In a defiant interview with Sky News, the prime minister defended his decision to suspend parliament for five weeks in the run-up to October – and insisted he was still battling to get a deal.
“I’m afraid that the more our friends and partners think at the back of their minds that Brexit could be stopped, that the UK could be kept in, by parliament, the less likely they are to give us the deal that we need,” he said.
“And so that’s why I really hope that MPs will allow the UK to do a deal and to get ready for a no-deal Brexit – and that’s the best way forward for our country.”
Asked about the protesters who have taken to the streets since the decision to prorogue parliament was announced on Wednesday, Johnson said: “My message to them is that I think the worst thing for democracy now would be to cancel the referendum, which is what some people are now suggesting – to nullify, to annul that result, to tell the people that they’re going to be ignored, after all the promises that have been made.
“Everybody can see what the risk is now. If we frustrate that mandate, if we stop the UK from leaving on 31 October, if that’s what parliamentarians end up doing, it will do lasting damage to people’s trust in politics.
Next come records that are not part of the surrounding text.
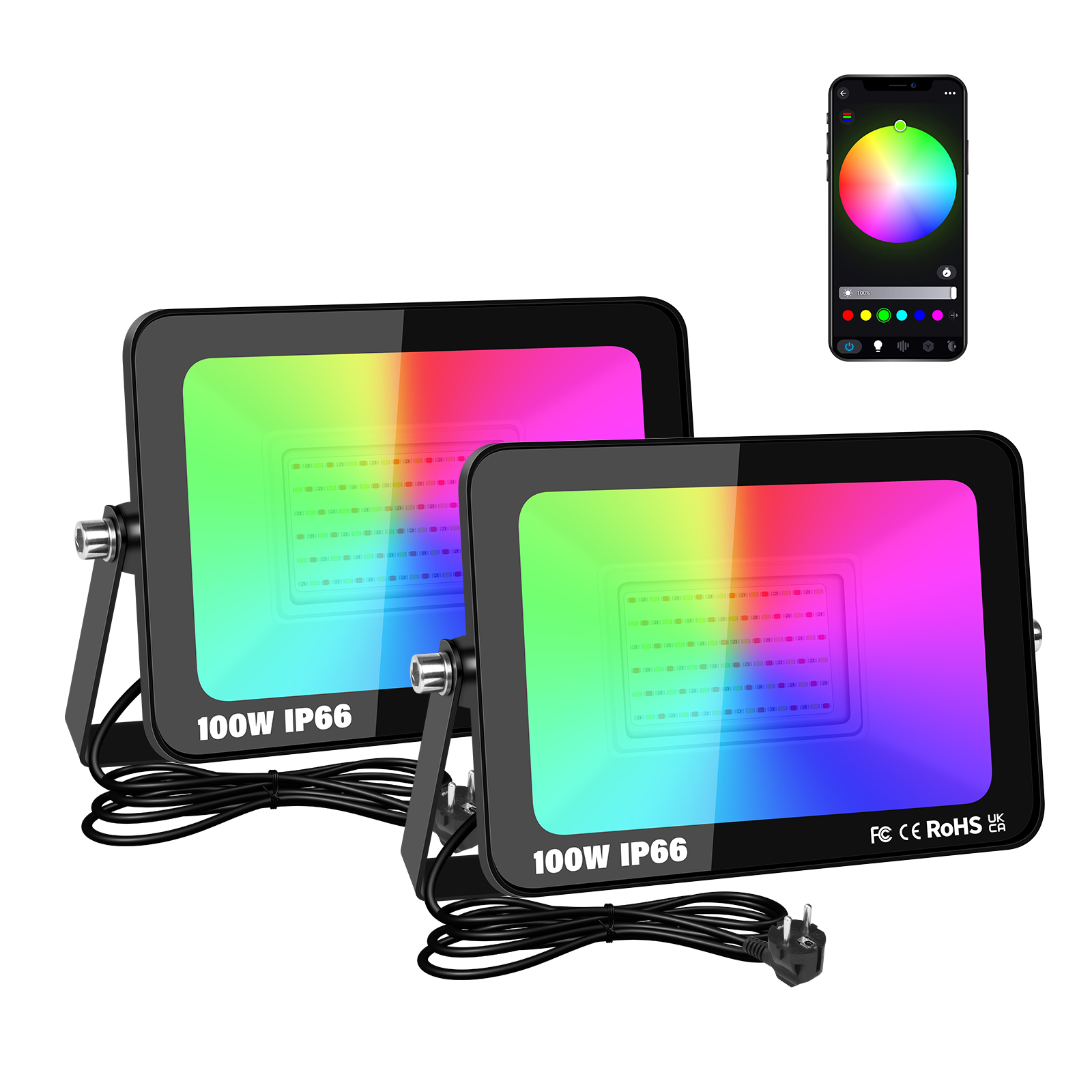 SKYWORLD APP RGB slimme schijn - Smart Garden Led Lights recensie en prijs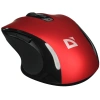 Купить мышь беспроводная defender prime mb-053 [52052] красный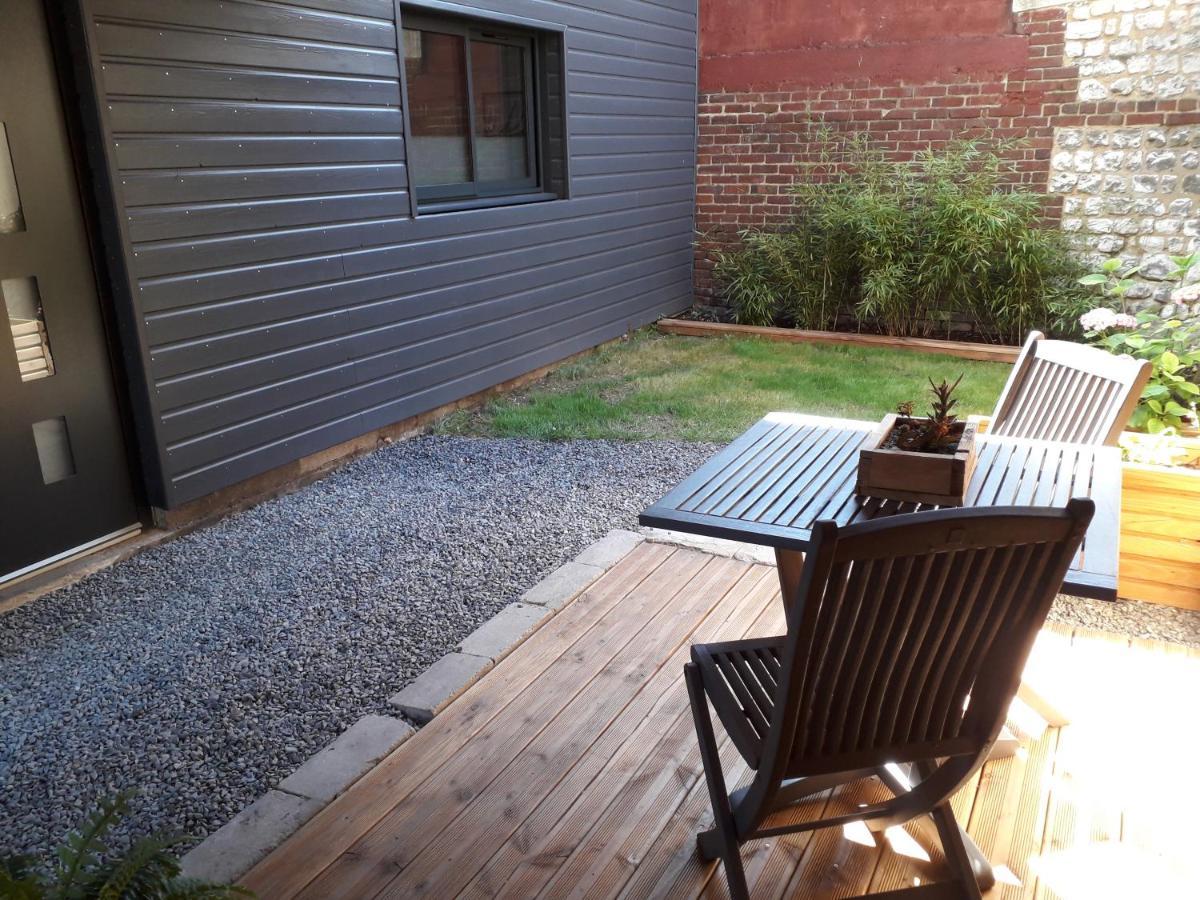 Studio Avec Jardin Et Stationnement Gratuit A 鲁昂 外观 照片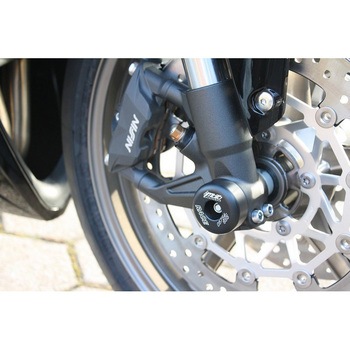 クラッシュパッドセット (フロントホール用) Triumph デイトナ 675 (2006-2012) GSG Mototechnik (GSGモトテクニック)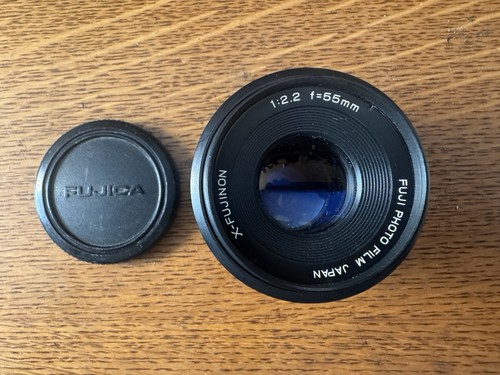 Objectif photo fujinon - photo, 55mm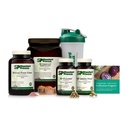 Standard Process Purification Kit mit SP Komplett- & Ganz-Food Fiber - Detox & Liver Support - Ganzes Lebensmittelbasiertes Fiber Kit zur Pflege eines gesunden Körpers - 21-Day Programm - Schokolade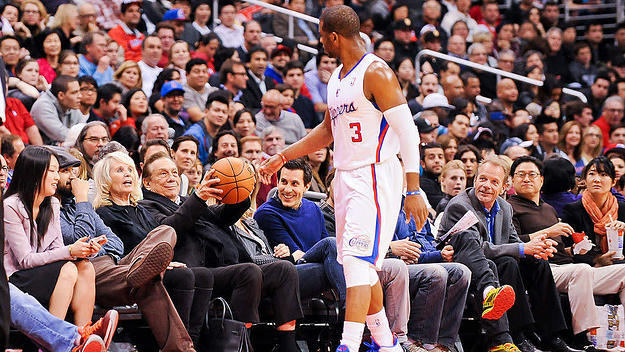 Donald Sterling Chris Paul Clippers 2013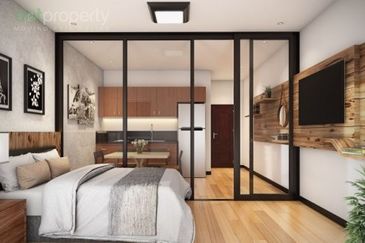 Kepong Ready Move In Free 80% Furnished Next to MRT Free Cashback 0 Dp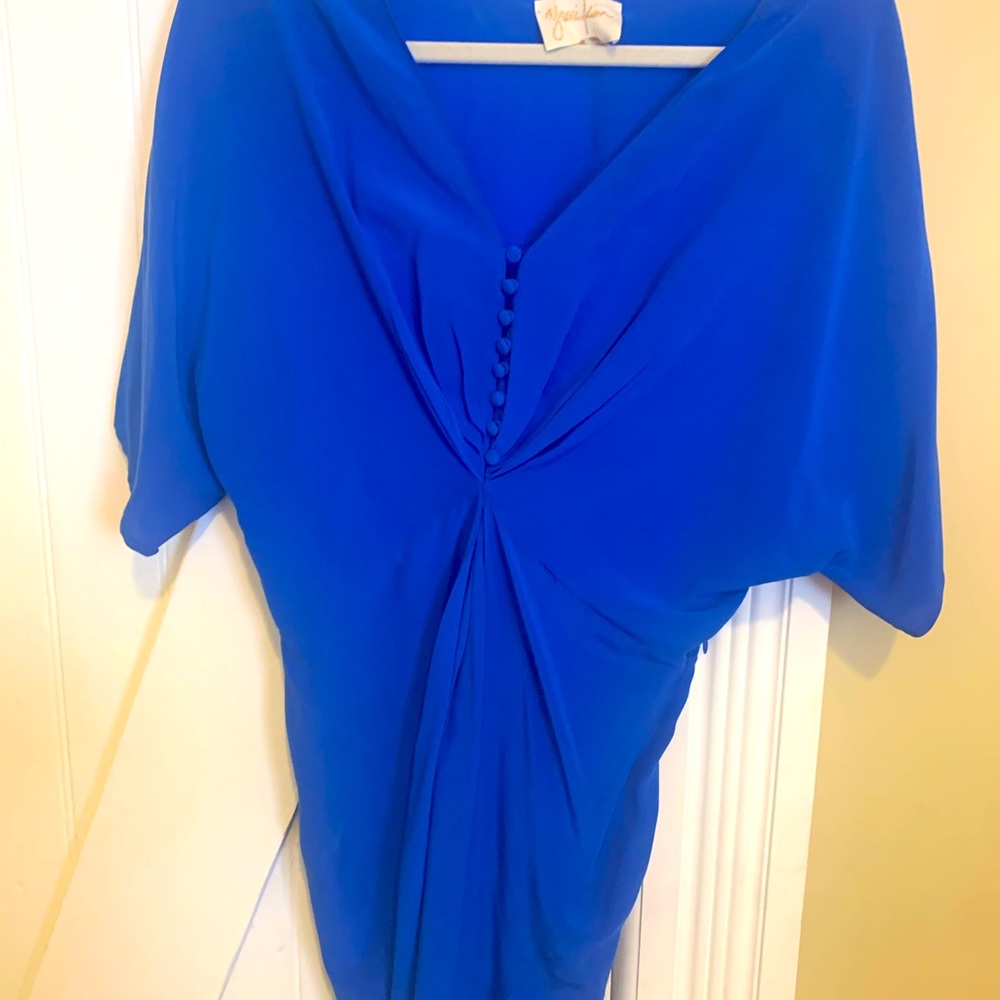 Yumi Kim gorgeous blue dress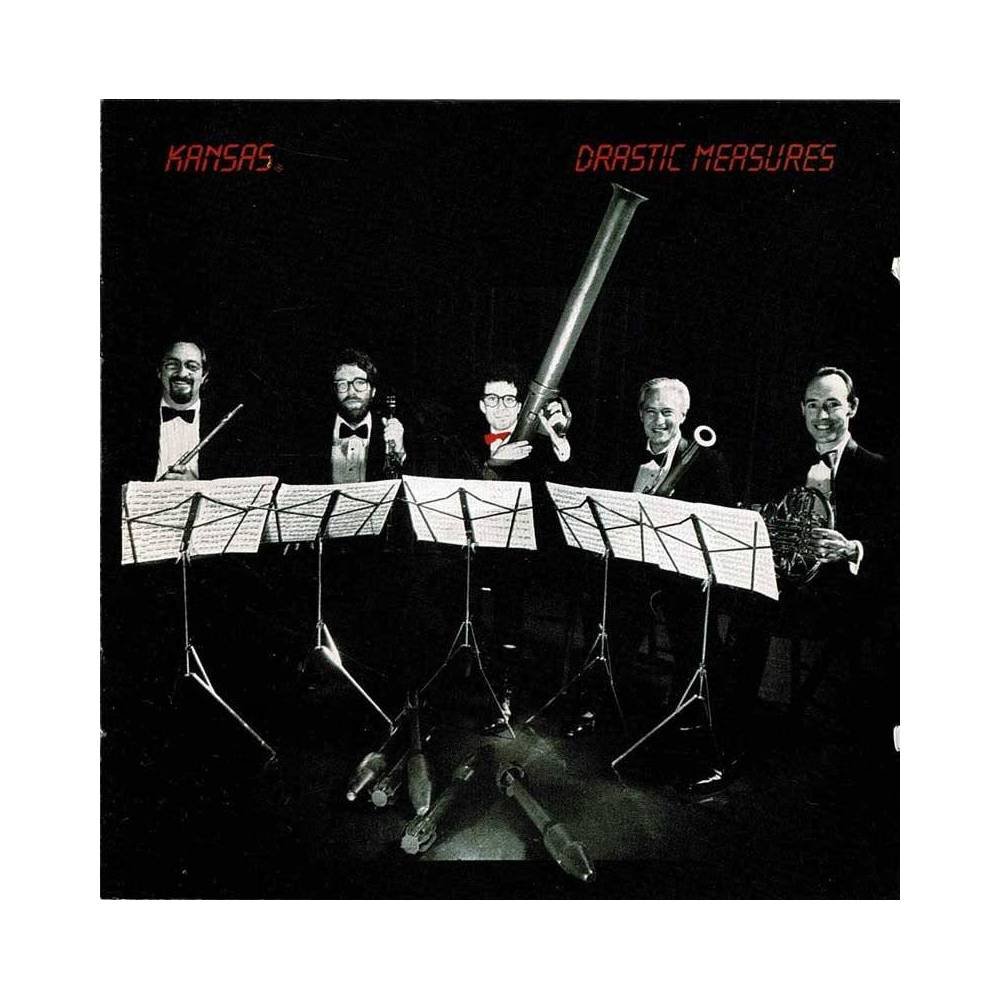 Kansas - Drastic Measures. CD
It will do lasting, catastrophic damage to the major parties in this country,” he added.
The campaign group Momentum has urged members of the public to block roads and bridges in protest at the move, which has sparked a ferocious backlash from across the political spectrum.
The anti-Brexit campaign group Another Europe Is Possible has organised 32 #StopTheCoup demonstrations to take place in England, Scotland and Wales on Saturday.
But EU officials remain concerned that the UK has so far presented no concrete proposals for replacing the backstop – the insurance policy for avoiding a hard border in Ireland, which Johnson has described as undemocratic.
Johnson hopes to strike a deal at a key meeting of the European council on 17 October, and will then give MPs the chance to vote on it the following week, just days before the Halloween Brexit deadline. He insisted they would have “a lot of time” to debate the issues.
“We’re coming up to the last period before we leave on 31 October, and in that period, parliament is going to have a lot of time, still – and they’ve spent three years debating Brexit by the way, without actually getting it over the line,” Johnson said.
“They’re going to have a lot of time for consideration, and what I want to do now, which I think is what most people in the country want the government to do, is get on and try and get an agreement, but if we can’t get an agreement, get ready to come out anyway.”